Supplied material:
################

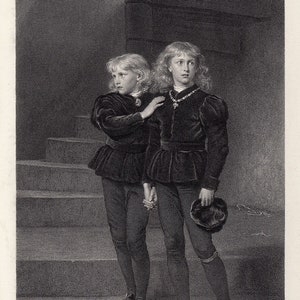 John Everett MILLAIS 1800s Engraving "A Portrait of Princes" Gallery Framed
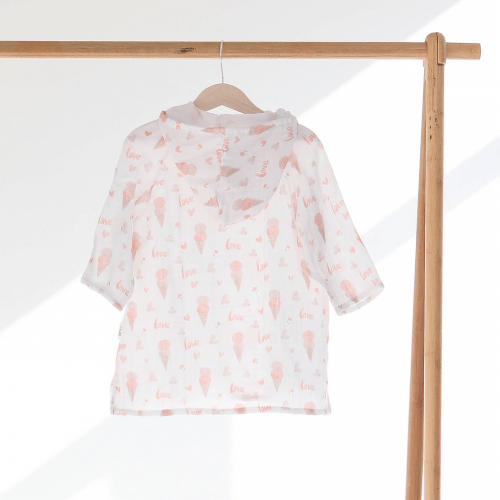 Муслиновая туника детская ELA Textile&Toys Мороженное 1 - 2 лет Муслин Белый/Розовый/Бежевый MT001IC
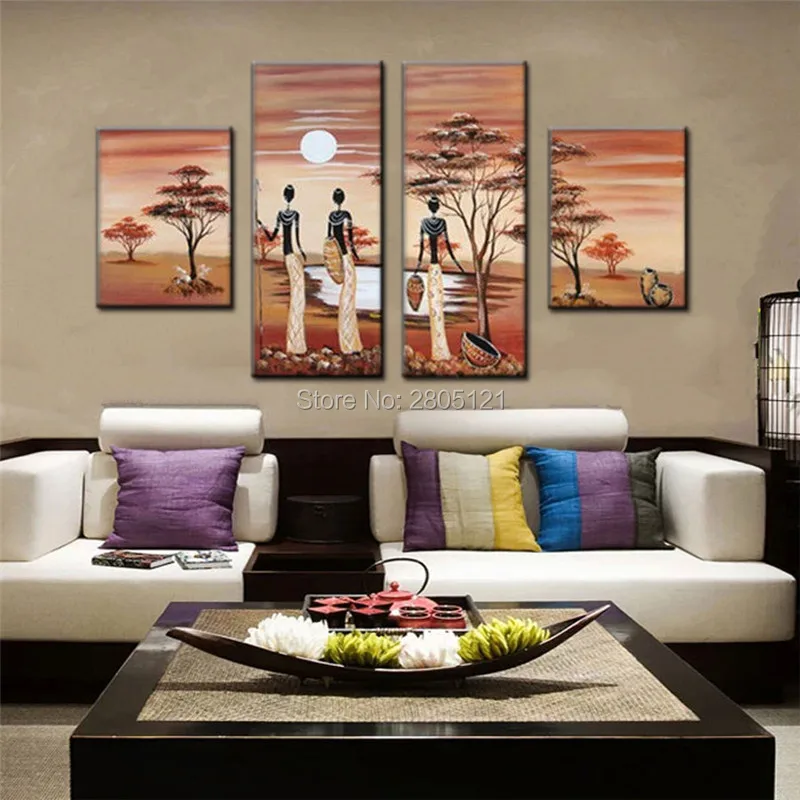 Настенная картина раскрашенная вручную в Африканском племени пейзаж жизни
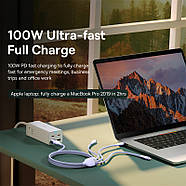 Кабель для швидкої зарядки Type-С+USB на Lightning+MicroUSB+Type-C 100W BASEUS Flash Series Ⅱ (фіолетовий) 1.2м, фото 4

################

The reply must hold every line above exactly as written and none of the pictures.

Answer for this exercise:
 John Everett MILLAIS 1800s Engraving "A Portrait of Princes" Gallery Framed
 Муслиновая туника детская ELA Textile&Toys Мороженное 1 - 2 лет Муслин Белый/Розовый/Бежевый MT001IC
 Настенная картина раскрашенная вручную в Африканском племени пейзаж жизни
 Кабель для швидкої зарядки Type-С+USB на Lightning+MicroUSB+Type-C 100W BASEUS Flash Series Ⅱ (фіолетовий) 1.2м, фото 4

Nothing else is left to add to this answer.